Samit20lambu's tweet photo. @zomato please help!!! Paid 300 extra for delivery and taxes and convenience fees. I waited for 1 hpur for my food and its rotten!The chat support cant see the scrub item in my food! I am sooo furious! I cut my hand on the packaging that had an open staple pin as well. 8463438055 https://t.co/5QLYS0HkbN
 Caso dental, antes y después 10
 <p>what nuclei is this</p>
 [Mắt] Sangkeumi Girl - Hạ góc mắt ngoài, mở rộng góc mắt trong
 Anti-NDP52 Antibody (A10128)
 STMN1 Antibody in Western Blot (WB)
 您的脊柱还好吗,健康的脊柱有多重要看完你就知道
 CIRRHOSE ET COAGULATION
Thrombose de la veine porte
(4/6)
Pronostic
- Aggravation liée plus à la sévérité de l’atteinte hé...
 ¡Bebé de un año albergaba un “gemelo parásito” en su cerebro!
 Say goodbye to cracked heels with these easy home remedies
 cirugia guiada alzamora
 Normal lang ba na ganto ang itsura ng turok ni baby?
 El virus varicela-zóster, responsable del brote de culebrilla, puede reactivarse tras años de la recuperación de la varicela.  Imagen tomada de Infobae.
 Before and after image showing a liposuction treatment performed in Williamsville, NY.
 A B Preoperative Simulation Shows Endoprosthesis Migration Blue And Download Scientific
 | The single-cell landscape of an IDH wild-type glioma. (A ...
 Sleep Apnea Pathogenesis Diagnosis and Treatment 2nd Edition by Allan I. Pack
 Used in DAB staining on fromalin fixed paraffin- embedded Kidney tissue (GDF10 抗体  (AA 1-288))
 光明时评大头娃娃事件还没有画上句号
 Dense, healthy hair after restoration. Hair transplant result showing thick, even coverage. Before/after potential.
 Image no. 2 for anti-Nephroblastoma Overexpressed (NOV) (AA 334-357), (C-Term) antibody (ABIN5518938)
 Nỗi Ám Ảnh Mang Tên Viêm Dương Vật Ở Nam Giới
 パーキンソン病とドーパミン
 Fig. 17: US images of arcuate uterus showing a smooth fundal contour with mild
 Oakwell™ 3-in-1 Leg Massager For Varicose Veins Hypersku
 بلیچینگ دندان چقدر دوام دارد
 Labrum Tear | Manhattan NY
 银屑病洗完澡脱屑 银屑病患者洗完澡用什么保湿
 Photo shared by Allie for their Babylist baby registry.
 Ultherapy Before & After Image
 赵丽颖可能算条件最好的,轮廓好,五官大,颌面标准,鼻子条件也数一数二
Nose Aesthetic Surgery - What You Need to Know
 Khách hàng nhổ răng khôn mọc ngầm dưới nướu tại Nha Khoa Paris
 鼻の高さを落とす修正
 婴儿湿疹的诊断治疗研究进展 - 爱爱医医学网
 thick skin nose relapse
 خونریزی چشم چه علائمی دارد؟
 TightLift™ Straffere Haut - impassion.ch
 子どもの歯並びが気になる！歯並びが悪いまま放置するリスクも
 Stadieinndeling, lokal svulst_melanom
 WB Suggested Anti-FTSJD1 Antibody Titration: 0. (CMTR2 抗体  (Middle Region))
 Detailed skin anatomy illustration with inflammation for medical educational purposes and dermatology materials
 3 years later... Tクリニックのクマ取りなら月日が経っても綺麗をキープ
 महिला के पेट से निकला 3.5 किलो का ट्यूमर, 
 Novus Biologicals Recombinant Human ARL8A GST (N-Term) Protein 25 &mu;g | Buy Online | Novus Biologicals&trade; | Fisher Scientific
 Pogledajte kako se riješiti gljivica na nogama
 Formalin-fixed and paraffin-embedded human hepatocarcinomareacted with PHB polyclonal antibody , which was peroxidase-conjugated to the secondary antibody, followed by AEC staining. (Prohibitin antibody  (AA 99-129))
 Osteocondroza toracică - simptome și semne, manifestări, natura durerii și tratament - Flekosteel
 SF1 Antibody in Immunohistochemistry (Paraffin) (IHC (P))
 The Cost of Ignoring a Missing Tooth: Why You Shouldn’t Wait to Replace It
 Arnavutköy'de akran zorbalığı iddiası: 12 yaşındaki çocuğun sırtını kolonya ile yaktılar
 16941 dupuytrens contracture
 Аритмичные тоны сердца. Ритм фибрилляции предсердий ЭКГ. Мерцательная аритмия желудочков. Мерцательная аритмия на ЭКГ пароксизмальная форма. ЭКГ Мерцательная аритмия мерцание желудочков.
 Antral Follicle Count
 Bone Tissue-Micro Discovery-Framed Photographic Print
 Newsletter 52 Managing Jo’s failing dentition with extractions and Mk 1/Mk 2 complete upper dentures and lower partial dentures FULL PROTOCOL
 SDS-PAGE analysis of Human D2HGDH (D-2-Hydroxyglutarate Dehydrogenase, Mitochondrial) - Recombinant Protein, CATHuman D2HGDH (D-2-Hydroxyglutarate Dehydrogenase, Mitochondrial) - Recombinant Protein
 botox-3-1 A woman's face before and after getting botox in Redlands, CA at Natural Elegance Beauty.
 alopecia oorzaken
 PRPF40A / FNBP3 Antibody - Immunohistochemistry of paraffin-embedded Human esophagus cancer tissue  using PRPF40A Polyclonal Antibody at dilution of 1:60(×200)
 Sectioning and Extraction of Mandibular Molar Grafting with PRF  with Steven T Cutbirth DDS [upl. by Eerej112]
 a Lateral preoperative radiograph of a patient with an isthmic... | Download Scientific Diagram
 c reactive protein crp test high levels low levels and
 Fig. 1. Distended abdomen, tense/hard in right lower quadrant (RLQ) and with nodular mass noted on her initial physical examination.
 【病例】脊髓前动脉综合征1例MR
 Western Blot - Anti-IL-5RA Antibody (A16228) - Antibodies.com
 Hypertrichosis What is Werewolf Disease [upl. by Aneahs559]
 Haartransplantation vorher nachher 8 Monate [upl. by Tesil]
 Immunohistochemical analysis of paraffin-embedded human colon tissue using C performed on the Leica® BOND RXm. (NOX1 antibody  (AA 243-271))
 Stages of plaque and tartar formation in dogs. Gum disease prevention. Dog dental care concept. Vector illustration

▬▬▬▬▬▬

What is required: On how many lines of the listing does the string "with" appear? Only the number should be given.

Answer section: 8